Artificial intelligence is not just flooding social media with garbage, it’s also apparently afflicting the open-source programming community. And in the same way, fact-checking tools like X’s Community Notes struggle to refute a deluge of false information, contributors to open-source projects are lamenting the time wasted evaluating and debunking bug reports created using AI code-generation tools.
The Register reported today on such concerns raised by Seth Larson in a blog post recently. Larson is a security developer-in-residence at the Python Software Foundation who says that he has noticed an uptick in “extremely low-quality, spammy, and LLM-hallucinated security reports to open source projects.”
“These reports appear at first glance to be potentially legitimate and thus require time to refute,” Larson added. It could potentially be a big problem for open-source projects (i.e. Python, WordPress, Android) that power much of the internet, because they’re often maintained by small groups of unpaid contributors. Legitimate bugs in ubiquitous code libraries can be dangerous because they have such a potentially wide impact zone if exploited. Larson said he’s only seeing a relatively small number of AI-generated junk reports, but the number is increasing.
Another developer, Daniel Sternberg, called out a bug submitter for wasting his time with a report he believed was generated using AI:
You submitted what seems to be an obvious AI slop ‘report’ where you say there is a security problem, probably because an AI tricked you into believing this. You then waste our time by not telling us that an AI did this for you and you then continue the discussion with even more crap responses – seemingly also generated by AI.
Code generation is an increasingly popular use case for large language models, though many developers are still torn on how useful they truly are. Programs like GitHub Copilot or ChatGPT’s own code generator can be quite effective at producing scaffolding, the basic skeleton code to get any project started. They can also be useful for finding functions in a programming library a developer might not be intimate with.

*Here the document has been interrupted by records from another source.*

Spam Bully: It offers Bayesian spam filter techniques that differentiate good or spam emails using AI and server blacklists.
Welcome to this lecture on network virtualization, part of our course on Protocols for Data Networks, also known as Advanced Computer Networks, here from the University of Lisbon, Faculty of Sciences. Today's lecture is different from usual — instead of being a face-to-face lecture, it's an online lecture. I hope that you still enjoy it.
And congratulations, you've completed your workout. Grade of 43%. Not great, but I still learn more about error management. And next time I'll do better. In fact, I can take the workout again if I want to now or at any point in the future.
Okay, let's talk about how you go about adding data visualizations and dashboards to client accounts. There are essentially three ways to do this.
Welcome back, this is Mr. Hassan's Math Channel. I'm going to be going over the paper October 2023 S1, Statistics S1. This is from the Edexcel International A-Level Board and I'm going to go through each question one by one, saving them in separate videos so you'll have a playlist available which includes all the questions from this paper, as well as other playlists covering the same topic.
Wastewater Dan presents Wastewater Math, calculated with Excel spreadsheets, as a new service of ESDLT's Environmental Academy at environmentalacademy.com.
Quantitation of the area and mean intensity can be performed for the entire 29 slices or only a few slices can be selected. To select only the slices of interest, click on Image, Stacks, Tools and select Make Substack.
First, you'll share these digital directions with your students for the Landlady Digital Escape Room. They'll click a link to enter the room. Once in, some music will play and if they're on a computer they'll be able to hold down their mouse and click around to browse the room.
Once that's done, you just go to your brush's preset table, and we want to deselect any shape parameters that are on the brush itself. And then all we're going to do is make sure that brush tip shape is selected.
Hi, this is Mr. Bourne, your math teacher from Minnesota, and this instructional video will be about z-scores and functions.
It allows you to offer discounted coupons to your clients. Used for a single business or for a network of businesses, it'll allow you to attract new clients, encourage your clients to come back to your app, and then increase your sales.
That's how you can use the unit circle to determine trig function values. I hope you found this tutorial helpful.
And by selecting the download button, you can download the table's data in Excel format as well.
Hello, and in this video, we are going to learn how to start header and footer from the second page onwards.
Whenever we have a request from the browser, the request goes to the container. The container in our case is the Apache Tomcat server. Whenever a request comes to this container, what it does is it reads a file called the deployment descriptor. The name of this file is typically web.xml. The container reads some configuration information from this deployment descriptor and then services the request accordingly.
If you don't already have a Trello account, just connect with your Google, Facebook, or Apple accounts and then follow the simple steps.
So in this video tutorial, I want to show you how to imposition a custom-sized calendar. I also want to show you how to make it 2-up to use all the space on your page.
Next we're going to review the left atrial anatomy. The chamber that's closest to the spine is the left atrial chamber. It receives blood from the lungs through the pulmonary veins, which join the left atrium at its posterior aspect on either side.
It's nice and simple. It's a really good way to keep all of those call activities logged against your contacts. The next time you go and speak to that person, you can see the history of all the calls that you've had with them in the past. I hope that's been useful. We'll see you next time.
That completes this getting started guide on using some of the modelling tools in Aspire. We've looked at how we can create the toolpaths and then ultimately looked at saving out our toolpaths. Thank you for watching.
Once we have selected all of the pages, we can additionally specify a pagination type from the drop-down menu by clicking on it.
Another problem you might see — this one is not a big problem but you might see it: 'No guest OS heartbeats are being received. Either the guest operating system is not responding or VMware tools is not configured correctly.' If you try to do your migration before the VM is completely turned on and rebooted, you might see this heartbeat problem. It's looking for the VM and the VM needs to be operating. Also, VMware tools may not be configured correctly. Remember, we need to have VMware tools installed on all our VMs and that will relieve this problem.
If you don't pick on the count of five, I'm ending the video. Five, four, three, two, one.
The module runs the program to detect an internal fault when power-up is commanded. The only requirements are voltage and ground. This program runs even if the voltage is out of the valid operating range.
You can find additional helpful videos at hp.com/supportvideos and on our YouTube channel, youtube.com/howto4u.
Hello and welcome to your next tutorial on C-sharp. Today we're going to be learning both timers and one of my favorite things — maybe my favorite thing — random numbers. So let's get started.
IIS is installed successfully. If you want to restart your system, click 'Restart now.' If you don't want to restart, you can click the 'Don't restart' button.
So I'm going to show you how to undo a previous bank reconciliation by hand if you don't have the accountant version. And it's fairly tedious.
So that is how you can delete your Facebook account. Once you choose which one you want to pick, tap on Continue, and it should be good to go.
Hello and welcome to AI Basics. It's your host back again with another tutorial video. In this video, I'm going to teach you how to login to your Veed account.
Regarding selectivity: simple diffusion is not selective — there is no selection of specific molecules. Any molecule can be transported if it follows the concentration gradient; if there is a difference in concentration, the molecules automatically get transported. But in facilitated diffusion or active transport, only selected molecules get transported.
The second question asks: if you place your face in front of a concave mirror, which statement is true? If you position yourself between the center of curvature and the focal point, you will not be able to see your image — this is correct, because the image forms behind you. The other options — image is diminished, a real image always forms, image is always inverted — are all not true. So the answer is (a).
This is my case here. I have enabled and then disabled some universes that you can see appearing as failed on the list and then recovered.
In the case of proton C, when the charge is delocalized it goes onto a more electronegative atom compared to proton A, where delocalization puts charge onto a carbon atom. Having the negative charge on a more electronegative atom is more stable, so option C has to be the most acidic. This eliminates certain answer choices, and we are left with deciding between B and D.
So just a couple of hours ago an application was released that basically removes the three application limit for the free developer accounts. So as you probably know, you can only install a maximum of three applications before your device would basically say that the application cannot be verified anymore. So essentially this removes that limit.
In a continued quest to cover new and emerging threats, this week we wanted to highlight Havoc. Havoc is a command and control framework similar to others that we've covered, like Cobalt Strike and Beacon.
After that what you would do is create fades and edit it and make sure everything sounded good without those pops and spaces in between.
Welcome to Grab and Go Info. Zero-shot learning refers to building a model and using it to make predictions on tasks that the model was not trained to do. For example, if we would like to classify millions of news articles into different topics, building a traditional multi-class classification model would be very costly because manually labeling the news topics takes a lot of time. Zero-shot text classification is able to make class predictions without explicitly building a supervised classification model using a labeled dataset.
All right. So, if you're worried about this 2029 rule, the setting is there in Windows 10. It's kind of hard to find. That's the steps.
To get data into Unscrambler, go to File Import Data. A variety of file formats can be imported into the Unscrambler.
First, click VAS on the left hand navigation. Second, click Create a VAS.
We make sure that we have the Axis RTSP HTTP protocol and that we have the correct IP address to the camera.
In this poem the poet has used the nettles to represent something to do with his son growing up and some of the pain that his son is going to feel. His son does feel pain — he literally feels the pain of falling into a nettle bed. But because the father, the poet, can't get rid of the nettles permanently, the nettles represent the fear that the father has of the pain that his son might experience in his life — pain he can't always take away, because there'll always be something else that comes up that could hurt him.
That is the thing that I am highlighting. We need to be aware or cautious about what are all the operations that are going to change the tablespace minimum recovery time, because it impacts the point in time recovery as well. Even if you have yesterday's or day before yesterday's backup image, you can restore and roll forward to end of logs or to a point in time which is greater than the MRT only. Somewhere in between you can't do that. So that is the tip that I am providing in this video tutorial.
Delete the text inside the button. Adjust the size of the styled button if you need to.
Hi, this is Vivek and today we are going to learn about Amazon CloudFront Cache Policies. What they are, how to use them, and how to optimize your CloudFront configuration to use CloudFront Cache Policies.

But as with any language model, they will hallucinate and produce incorrect code. Code generators are probability tools that guess what you want to write next based on the code you have given them and what they have seen before. Developers still need to fundamentally understand the programming language they’re working with and know what they’re trying to build; the same way essays written by ChatGPT need to be reviewed and modified manually.
Platforms like HackerOne offer bounties for successful bug reports, which may encourage some individuals to ask ChatGPT to search a codebase for flaws and then submit erroneous ones the LLM returns.
Spam has always been around on the internet, but AI is making it a lot easier to generate. It seems possible that we’re going to find ourselves in a situation that demands more technology like CAPTCHAs for login screens are used to combat this. An unfortunate situation and a big waste of time for everyone.